Segment Open

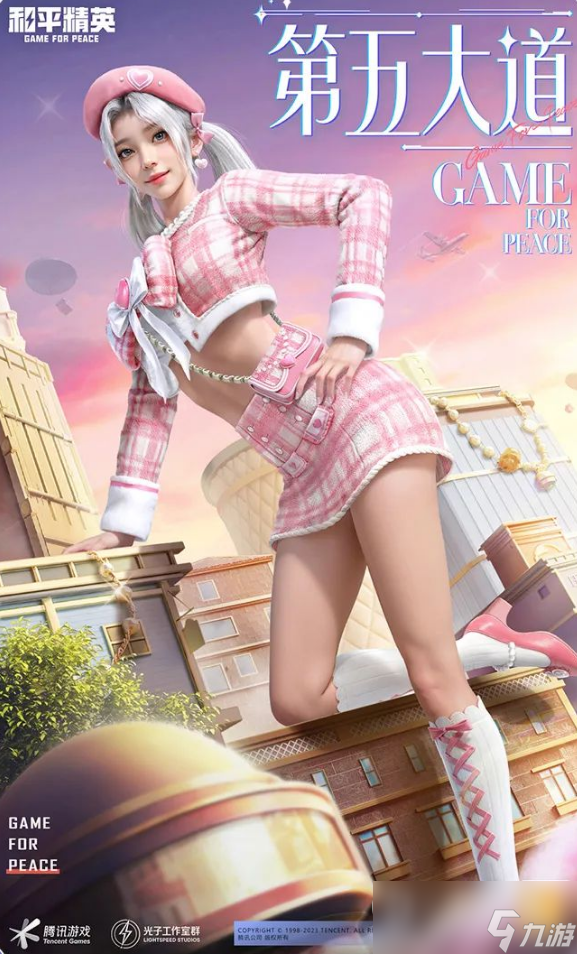 腻玩手机游戏有什么好处_百玩不腻的手机游戏有哪些_腻玩手机游戏有哪些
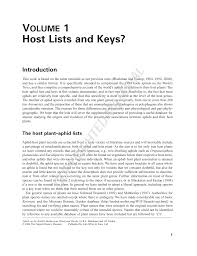 Image result for Adenostemma afrum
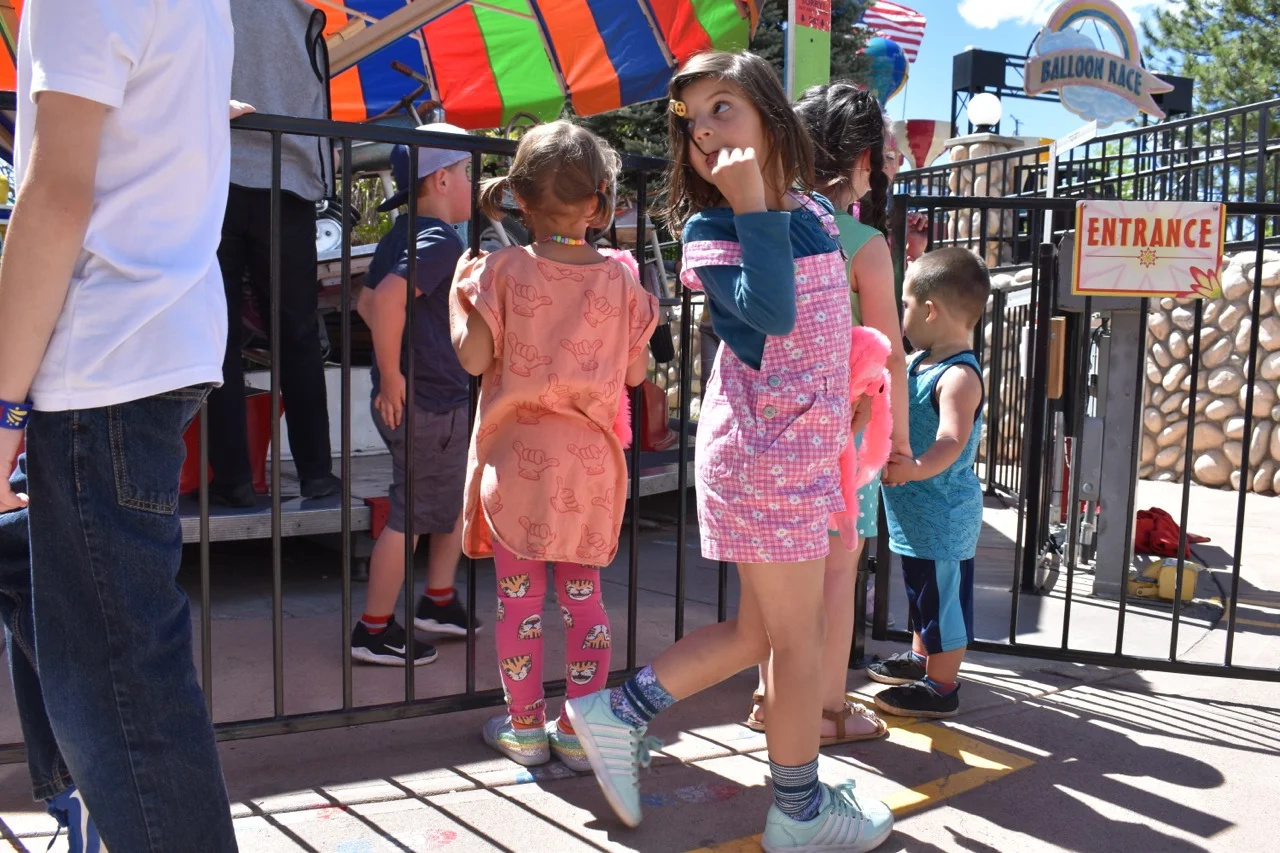 Elitch Gardens 19.jpg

Segment Closed

Goal of the exercise >> Pictures are to be dropped, and the lines from the line with "Image result for Adenostemma afrum" through the end of the material above are to be reproduced exactly.

Result for this exercise >>
 Image result for Adenostemma afrum
 Elitch Gardens 19.jpg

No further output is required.